I hear Jay calling the doctor on the room’s phone and in a moment, Doctor comes in a white uniform and a stethoscope to listen to Mother’s heart. Everything in the room poised for a moment. Then she puts away the stethoscope and leaves the room without saying anything. Suddenly I see that everything is happening in the present moment and Mother, now gone from our forever-present time dwells, in a sense, in the past; can only be accessed as a remembered event.
The past never gets old, always brought back into present time, refreshed, revealed again in the memory of those remembering it. Sometimes I wonder how it would have been if we hadn’t been fooling around with that phone-camera, and Mother’s passing might have been in more comforting circumstances? But who’s to say there would have been more comforting circumstances than having her partner and son by her side all the way. The fact is, there is this element of comedy here; it would seem she was going to have her photo taken as she stepped out of this life and into a new life – there was laughter, it was a joyful event. She would have recognised our voices and my calling her by her given name, which is something I never did before, this was a reference to Self, a calling away from that old Self and into a new life. There is a Buddhist belief that the Bhavaṅga citta bears all the characteristics of that last moment of life and becomes the Patisandhi (rebirth) citta in the next life.

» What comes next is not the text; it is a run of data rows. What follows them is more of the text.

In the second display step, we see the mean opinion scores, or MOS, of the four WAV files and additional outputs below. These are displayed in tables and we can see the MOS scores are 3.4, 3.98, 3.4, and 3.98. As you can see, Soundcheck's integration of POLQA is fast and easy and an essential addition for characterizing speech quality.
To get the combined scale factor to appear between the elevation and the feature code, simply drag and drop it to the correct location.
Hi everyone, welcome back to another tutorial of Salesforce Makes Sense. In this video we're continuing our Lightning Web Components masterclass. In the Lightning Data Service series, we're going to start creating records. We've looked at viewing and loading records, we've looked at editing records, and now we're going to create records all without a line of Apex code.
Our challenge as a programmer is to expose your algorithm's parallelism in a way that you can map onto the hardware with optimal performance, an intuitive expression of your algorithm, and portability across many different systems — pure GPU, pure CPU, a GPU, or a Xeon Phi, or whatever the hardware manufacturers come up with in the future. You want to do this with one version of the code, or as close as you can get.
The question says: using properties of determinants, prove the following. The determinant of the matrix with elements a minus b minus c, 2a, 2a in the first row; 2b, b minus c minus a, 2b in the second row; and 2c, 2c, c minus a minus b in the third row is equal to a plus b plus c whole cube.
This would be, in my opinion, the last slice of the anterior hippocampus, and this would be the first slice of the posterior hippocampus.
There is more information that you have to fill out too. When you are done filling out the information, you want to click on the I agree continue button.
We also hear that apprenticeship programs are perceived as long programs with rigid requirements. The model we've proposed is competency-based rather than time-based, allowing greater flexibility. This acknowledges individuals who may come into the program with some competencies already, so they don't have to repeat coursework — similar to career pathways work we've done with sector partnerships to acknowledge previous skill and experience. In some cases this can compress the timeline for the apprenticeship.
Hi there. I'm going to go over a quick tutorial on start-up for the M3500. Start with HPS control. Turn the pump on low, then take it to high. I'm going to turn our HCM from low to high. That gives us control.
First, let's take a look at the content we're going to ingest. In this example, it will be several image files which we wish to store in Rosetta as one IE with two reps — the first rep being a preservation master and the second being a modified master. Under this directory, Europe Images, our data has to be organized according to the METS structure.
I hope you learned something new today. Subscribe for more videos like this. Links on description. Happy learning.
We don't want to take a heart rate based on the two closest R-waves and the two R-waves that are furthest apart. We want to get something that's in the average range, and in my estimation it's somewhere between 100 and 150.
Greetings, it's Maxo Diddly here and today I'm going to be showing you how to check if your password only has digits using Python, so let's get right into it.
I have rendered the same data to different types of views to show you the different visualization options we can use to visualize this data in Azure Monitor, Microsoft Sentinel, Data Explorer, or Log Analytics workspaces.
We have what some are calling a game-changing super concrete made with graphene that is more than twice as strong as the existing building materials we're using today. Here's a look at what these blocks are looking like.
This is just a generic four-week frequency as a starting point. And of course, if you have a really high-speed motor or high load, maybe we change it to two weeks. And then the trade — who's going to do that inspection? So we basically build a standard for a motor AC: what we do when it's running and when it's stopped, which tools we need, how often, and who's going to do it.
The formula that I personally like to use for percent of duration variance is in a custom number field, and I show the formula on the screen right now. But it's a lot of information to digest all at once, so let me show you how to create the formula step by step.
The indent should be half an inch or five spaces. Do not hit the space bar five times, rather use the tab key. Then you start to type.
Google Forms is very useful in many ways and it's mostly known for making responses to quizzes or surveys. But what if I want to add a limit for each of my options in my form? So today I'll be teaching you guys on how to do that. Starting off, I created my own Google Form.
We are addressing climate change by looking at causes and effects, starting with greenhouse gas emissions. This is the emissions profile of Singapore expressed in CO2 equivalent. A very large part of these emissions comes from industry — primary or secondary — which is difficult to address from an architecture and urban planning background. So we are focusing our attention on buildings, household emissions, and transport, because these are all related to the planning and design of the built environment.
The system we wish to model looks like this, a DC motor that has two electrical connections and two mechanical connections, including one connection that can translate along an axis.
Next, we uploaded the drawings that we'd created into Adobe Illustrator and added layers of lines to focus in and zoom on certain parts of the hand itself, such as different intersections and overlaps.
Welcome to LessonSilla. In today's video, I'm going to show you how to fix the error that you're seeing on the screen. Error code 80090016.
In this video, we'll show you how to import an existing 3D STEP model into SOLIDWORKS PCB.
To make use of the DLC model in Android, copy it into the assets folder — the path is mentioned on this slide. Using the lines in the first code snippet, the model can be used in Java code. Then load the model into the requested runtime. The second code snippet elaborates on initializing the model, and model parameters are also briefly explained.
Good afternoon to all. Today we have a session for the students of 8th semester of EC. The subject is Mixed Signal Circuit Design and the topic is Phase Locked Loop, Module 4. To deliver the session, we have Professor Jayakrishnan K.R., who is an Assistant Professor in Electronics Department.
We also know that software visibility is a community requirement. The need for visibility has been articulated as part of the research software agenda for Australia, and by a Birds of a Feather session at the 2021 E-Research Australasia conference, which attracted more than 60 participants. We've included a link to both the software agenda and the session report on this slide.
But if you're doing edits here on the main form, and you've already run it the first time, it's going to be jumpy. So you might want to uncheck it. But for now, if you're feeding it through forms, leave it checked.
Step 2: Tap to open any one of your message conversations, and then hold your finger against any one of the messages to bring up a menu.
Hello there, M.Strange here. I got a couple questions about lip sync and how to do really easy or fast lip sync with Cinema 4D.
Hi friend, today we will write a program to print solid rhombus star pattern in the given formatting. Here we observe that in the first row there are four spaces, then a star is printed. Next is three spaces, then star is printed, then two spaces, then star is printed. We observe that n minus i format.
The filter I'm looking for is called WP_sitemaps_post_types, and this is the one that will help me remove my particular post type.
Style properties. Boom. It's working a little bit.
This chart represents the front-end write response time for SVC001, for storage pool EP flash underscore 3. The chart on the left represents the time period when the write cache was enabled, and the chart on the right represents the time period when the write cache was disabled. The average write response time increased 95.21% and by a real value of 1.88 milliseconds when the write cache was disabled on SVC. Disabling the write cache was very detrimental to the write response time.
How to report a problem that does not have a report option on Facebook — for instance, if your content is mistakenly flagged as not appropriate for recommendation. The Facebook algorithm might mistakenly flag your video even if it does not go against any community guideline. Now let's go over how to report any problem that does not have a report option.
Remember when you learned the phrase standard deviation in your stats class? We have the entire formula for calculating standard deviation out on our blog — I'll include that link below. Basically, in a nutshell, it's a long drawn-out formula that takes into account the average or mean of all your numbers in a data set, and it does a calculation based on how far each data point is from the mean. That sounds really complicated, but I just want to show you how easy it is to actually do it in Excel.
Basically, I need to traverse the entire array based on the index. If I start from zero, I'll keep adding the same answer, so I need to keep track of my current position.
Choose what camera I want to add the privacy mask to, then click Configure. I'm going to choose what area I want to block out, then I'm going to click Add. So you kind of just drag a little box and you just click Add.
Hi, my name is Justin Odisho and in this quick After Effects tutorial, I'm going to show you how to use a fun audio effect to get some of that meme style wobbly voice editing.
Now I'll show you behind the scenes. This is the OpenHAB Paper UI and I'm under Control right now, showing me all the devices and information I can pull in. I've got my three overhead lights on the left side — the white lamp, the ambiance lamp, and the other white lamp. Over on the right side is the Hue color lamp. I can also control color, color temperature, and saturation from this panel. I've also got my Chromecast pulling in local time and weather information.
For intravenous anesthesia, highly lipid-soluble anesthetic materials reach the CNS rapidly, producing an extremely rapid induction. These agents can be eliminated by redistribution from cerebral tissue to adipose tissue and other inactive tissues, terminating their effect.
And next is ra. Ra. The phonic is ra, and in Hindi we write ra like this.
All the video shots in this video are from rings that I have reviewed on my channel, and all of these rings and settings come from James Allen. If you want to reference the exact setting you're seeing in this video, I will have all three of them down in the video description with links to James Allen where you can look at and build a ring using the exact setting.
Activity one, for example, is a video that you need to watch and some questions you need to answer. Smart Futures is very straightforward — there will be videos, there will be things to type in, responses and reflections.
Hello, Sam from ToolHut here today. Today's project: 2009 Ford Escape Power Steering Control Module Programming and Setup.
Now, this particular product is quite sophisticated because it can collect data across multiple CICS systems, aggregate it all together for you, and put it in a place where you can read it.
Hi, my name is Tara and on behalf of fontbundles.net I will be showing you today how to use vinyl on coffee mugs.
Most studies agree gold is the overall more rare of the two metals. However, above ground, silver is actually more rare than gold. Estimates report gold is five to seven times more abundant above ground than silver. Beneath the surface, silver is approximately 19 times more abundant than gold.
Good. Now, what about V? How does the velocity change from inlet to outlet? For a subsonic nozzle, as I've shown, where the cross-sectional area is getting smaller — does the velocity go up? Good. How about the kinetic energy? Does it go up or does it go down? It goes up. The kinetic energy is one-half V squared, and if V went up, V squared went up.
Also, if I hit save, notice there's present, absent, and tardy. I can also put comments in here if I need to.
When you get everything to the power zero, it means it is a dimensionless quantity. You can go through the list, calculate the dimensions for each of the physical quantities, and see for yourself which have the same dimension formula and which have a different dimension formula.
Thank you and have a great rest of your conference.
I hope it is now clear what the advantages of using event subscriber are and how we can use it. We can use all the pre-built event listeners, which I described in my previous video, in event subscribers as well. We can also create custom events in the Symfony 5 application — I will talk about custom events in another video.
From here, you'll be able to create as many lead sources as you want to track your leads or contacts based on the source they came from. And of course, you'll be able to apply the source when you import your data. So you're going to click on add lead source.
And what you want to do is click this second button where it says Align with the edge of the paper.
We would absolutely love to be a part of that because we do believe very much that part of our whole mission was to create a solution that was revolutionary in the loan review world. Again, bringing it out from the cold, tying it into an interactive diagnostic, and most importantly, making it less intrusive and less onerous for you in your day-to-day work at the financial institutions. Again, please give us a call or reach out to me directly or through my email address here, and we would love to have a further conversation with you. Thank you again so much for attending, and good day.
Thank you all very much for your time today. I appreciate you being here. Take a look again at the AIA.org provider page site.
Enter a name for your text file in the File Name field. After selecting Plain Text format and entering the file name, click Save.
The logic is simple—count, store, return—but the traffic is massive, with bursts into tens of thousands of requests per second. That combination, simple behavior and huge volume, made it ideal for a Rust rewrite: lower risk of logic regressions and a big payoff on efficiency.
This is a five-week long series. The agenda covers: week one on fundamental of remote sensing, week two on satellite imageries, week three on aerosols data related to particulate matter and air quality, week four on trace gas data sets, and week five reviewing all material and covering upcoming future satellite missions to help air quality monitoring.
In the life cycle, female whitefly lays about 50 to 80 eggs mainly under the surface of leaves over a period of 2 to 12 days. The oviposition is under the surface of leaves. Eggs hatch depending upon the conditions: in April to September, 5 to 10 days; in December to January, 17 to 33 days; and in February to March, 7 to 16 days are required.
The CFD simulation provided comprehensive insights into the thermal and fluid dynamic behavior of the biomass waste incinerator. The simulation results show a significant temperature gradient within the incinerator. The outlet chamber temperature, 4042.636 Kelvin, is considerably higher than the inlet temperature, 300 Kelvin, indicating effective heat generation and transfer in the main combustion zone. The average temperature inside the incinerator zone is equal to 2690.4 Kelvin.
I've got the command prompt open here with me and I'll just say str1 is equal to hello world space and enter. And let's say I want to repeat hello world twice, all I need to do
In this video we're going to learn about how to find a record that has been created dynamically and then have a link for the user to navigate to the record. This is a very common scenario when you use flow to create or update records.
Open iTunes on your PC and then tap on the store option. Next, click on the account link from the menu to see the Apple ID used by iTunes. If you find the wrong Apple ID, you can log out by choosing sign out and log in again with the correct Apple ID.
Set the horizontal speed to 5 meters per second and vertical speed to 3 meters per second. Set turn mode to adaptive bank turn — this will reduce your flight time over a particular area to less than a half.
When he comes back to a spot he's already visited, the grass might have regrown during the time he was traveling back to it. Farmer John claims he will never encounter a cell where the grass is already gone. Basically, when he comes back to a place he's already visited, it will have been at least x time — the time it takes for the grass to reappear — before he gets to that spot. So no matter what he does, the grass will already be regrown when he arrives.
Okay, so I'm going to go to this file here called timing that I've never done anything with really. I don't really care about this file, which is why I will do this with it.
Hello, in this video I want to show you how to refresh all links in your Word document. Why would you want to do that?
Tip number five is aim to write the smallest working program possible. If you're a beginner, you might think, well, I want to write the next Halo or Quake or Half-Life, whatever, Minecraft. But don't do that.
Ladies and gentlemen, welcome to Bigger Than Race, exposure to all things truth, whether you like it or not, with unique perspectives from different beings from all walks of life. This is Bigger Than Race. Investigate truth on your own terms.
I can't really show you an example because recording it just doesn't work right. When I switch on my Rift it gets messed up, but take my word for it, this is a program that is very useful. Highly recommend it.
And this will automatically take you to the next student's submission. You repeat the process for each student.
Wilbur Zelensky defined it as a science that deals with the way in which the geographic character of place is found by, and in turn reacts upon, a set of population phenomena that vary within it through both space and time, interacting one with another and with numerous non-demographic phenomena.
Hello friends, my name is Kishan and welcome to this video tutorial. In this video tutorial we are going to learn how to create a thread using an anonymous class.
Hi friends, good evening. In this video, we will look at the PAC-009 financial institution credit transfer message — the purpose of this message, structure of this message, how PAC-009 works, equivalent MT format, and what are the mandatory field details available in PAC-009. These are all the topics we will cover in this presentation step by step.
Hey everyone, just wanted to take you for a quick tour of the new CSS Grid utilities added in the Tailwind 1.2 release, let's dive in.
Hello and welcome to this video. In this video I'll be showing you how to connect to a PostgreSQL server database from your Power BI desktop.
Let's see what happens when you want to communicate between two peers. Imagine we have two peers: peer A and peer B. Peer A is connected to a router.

Postscript: Regular readers may remember I’ve referred to my mother’s death in these pages already, but didn’t include the details on Jay and the bigger picture of our interaction with Mother at the end of her life. About Jay being a North American Indian, this was confirmed by an American friend in Japan who grew up in an Indian Reservation – his father was the Superintendent. My friend took one look at the photo I have of Jay, and recognised his features immediately. I always thought that for Jay, the North East of Scotland was the perfect place for him because at that time, the population had no idea what a North American Indian would even look like, and Jay could happily sink into anonymity. Jay passed away three years after Mother, in their house in Scotland.
Image: another pic of the bougainvillea plant on our balcony.
This is beautiful and very moving, Tiramit!! How nice to be surrounded by your child and your husband!! Very, very blessed and who knows your laughter over the picture may have made her at ease enough to go. Very touching!! Some tears…
Thanks Ellen it’s the kind of comment I was hoping to receive. I like to think our laughter may have made her at ease enough to go through that final portal. She enjoyed laughter and it encouraged us to come up with more comic situations to make her laugh again. So, you’re right she was blessed with this ability to see the brighter side of life.
Smiling …. It’s no coincidence that her passing was to the sound of laughter with her two loving men present. Thank you for sharing about Jay. I lived in Aberdeen during the oil boom and recall some interesting characters from all over the world!
Thanks, Val for this: “It’s no coincidence…” it was intended to be, you could say, in the natural flow of things. In the laughter, she’d have recognised Jay’s voice and mine, then me calling her by her own name. An instant of shared love and laughter. I missed the oil boom although I was there from time to time – maybe we passed each other on Union Street.